::: DATASET EXTRACT :::

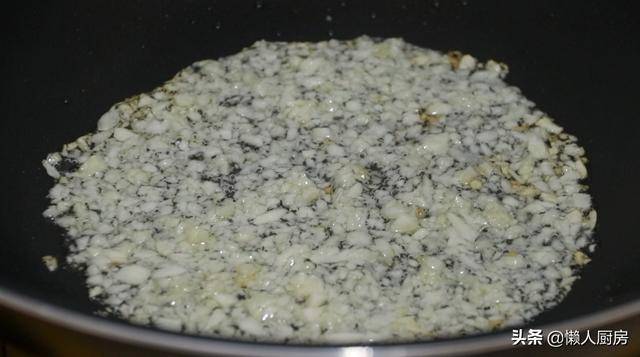 1把金針菇，2張豆腐皮，一卷一燒，不用蒸，不用油炸，不涼拌，這樣做法，吃著超美味，不覺得膩！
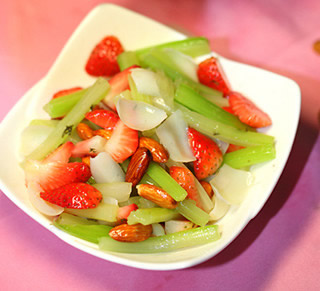 莓杏拌百合的做法 莓杏拌百合的做法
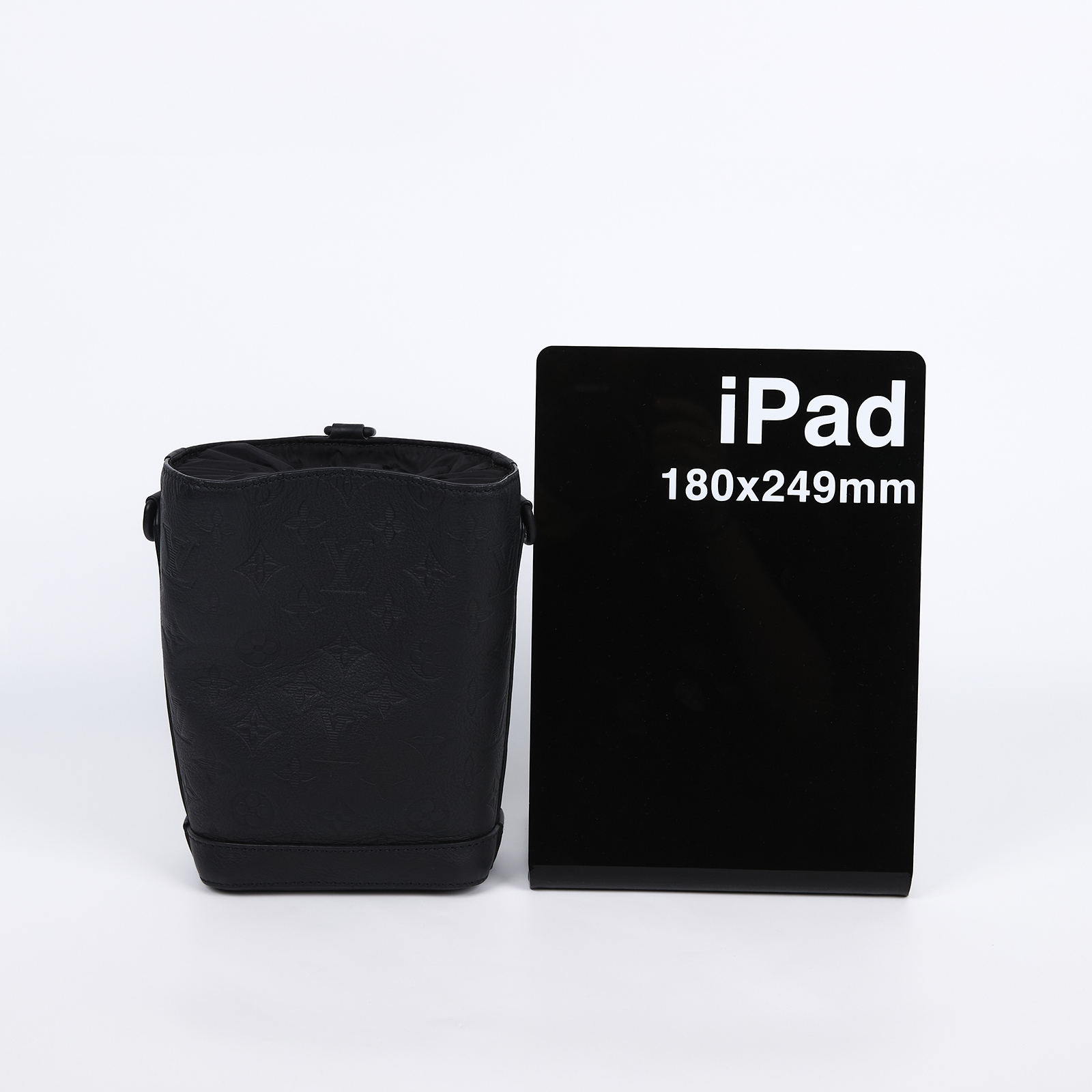 路易威登 LOUIS VUITTON Noe Sling 老花 水桶包 M82248 晶片款 黑牛皮壓紋Noe Sling水桶包 原廠盒子/防塵袋/背帶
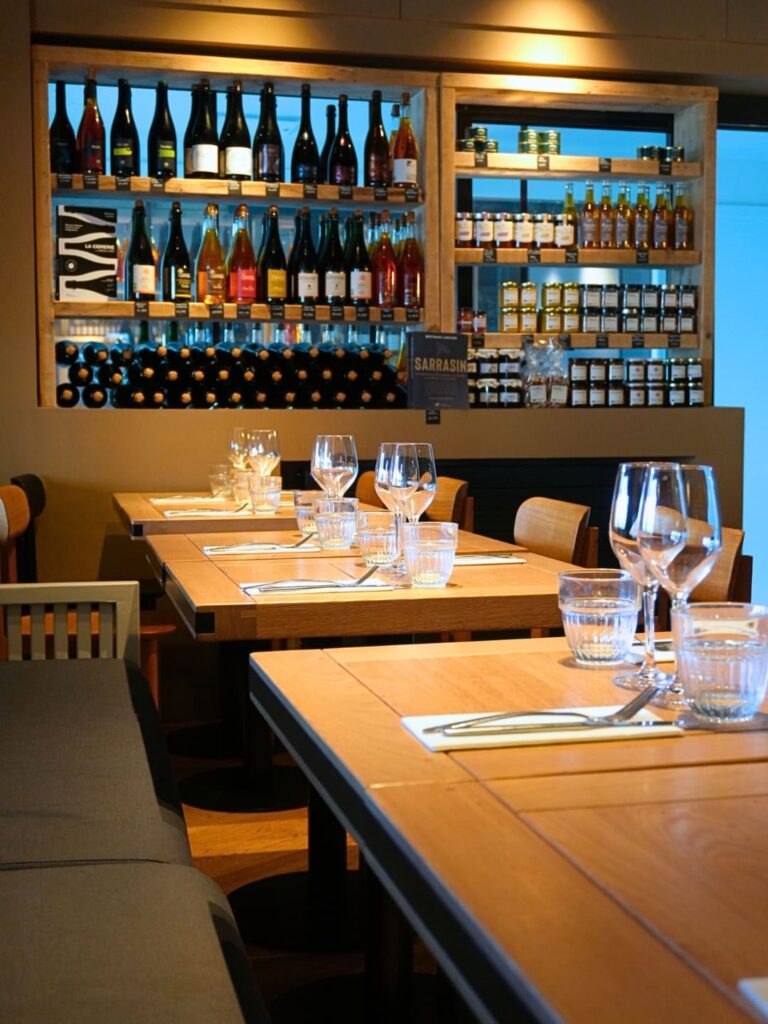 interieur breizh cafe biarritz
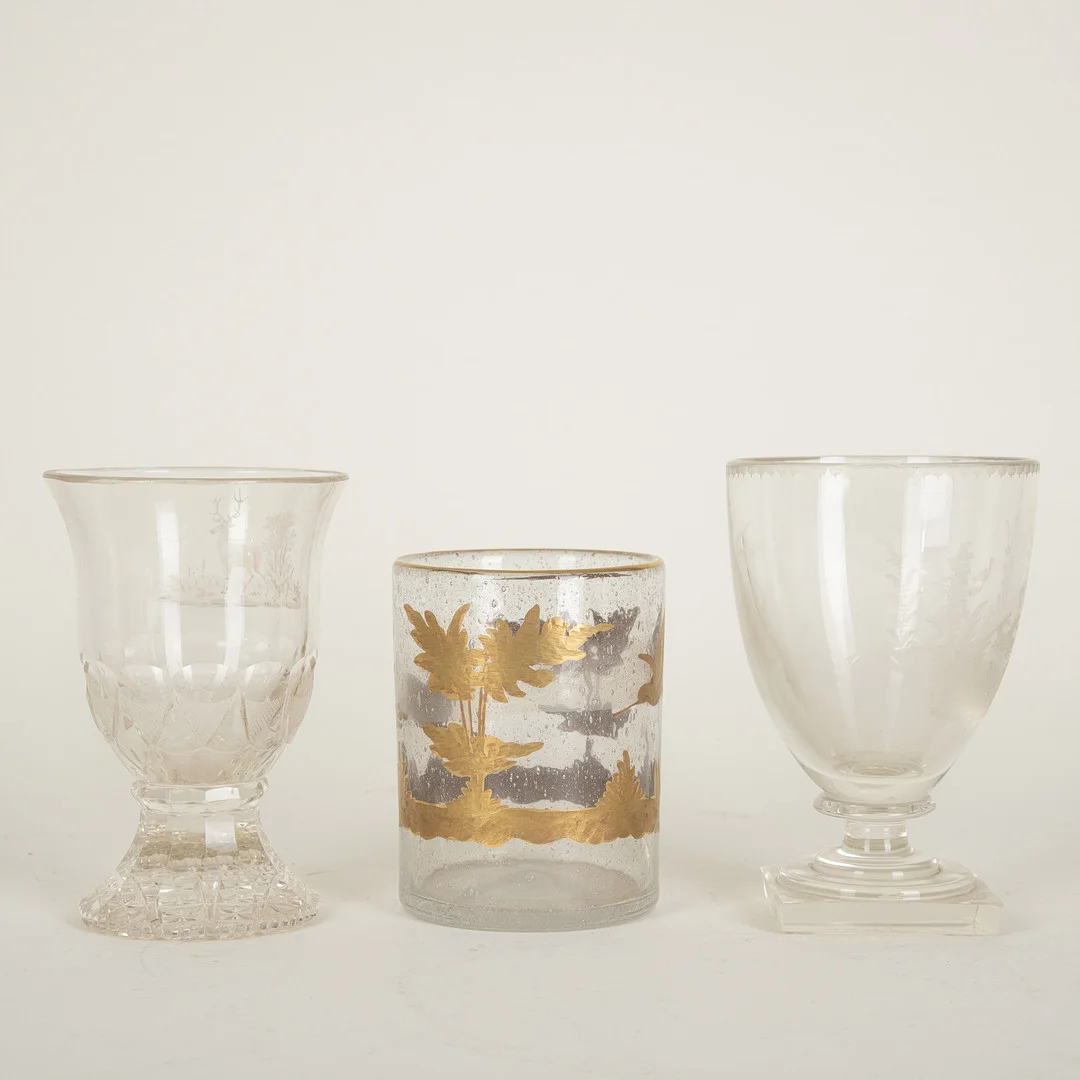 Drei Gläser mit Jagdmotiven, Böhmen u.a. 19./20. Jh. (3). — Art glass — Stockholms Auktionsverk Hamburg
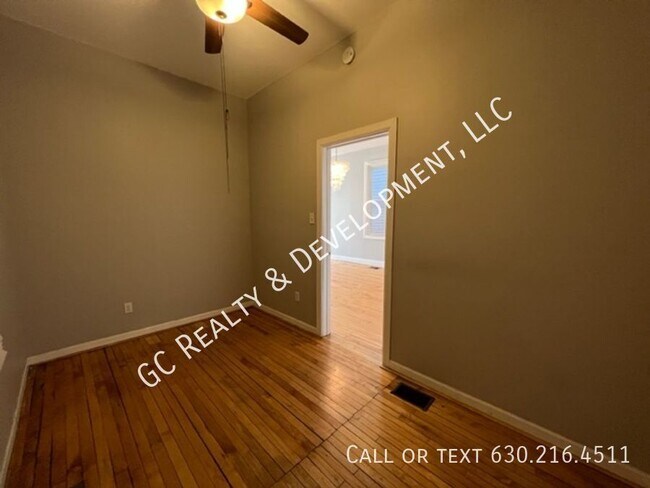 Building Photo - 2840 N Maplewood Ave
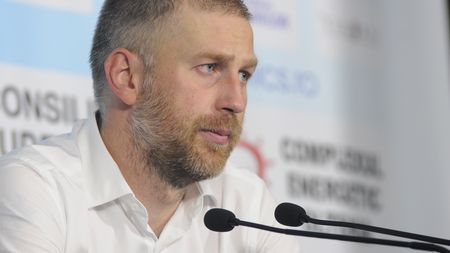 Au ieșit "scântei" în conferința de presă susținută de Edi Iordănescu! Antrenorul a răbufnit: "Nu se face cu forța și cu pumnul în gură!"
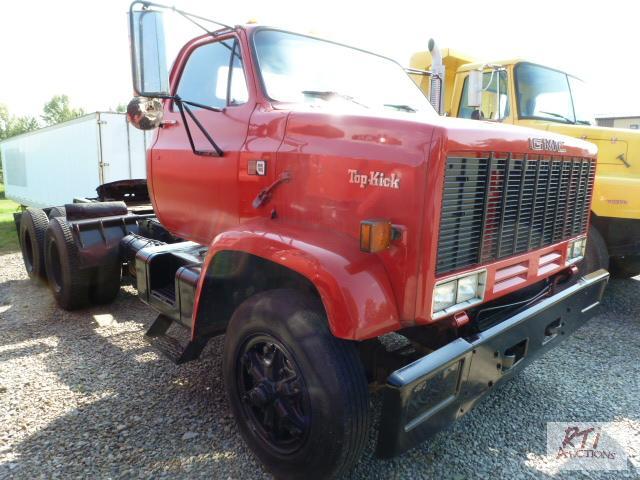 lot 17 image: 1985 GMC Topkick tandem axle tractor, 3208 ca...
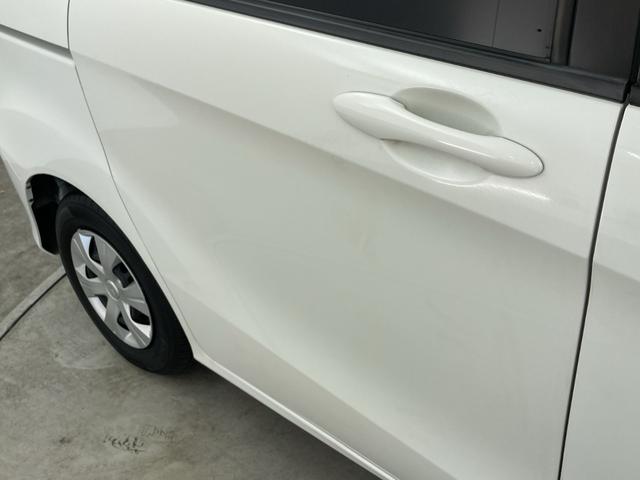 フリード G ジャストセレクション 社外7型ナビ フルセグTV バックカメラ 両側電動スライドドア 横滑り防止機能 ステアリングスイッチ オートエアコン HIDオートライト 純正フロアマット 前後ドライブレコーダー ビルトインETC(55枚目)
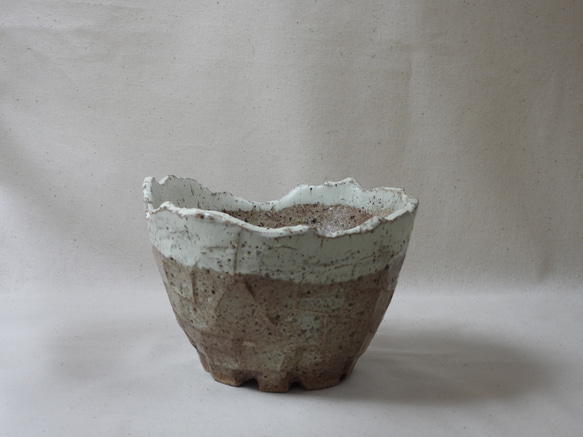 山肌陶製植木鉢(白) 3枚目の画像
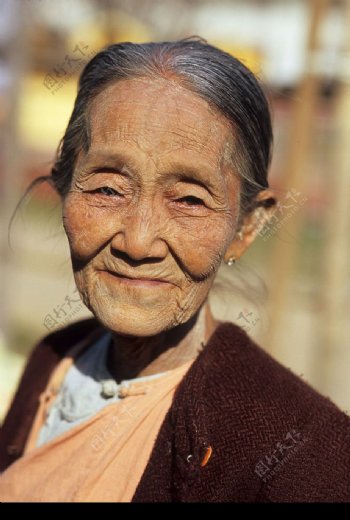 缅甸老妇图片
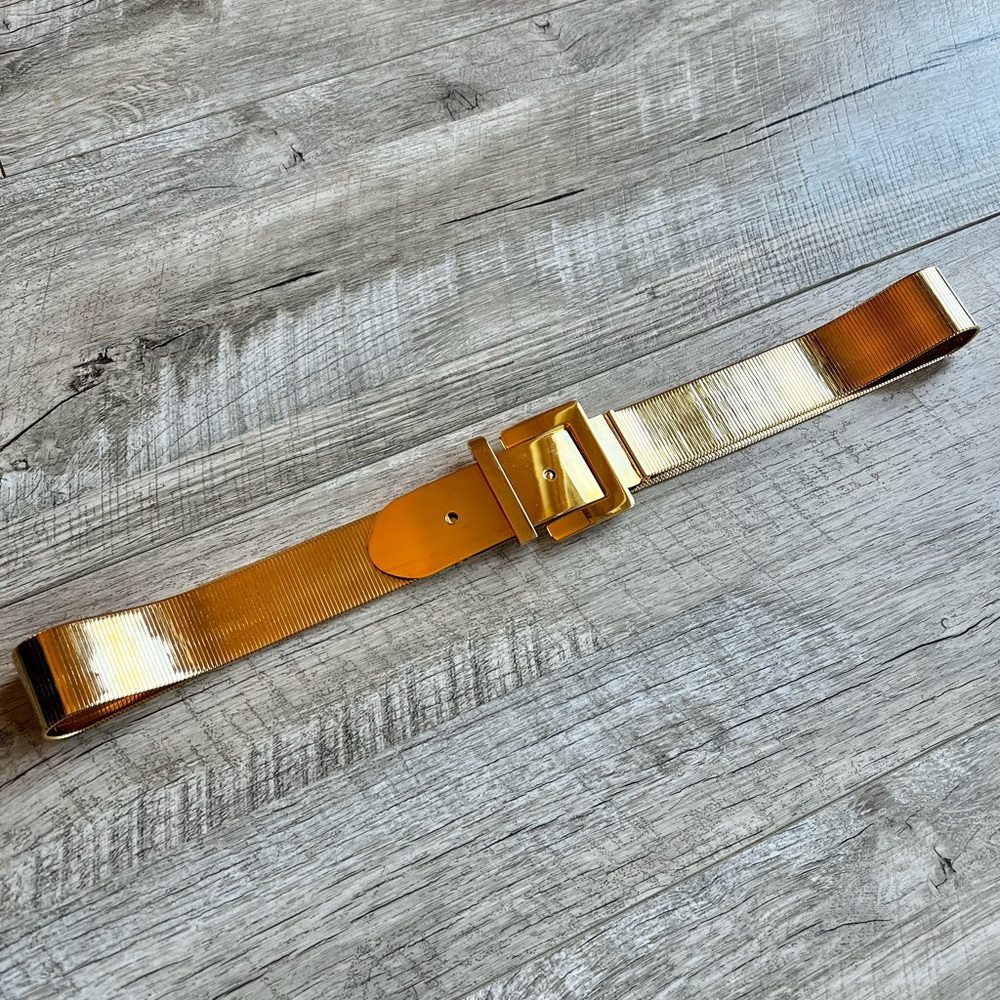 Escada Vintage 90’s Gold Metal Luxury Belt!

:::

TASK GOAL =
Would you transcribe the lines above exactly, going from the line bearing "莓杏拌百合的做法 莓杏拌百合的做法" through the line bearing "フリード G ジャストセレクション", and drop the pictures from the copy?

TASK ANSWER =
 莓杏拌百合的做法 莓杏拌百合的做法
 路易威登 LOUIS VUITTON Noe Sling 老花 水桶包 M82248 晶片款 黑牛皮壓紋Noe Sling水桶包 原廠盒子/防塵袋/背帶
 interieur breizh cafe biarritz
 Drei Gläser mit Jagdmotiven, Böhmen u.a. 19./20. Jh. (3). — Art glass — Stockholms Auktionsverk Hamburg
 Building Photo - 2840 N Maplewood Ave
 Au ieșit "scântei" în conferința de presă susținută de Edi Iordănescu! Antrenorul a răbufnit: "Nu se face cu forța și cu pumnul în gură!"
 lot 17 image: 1985 GMC Topkick tandem axle tractor, 3208 ca...
 フリード G ジャストセレクション 社外7型ナビ フルセグTV バックカメラ 両側電動スライドドア 横滑り防止機能 ステアリングスイッチ オートエアコン HIDオートライト 純正フロアマット 前後ドライブレコーダー ビルトインETC(55枚目)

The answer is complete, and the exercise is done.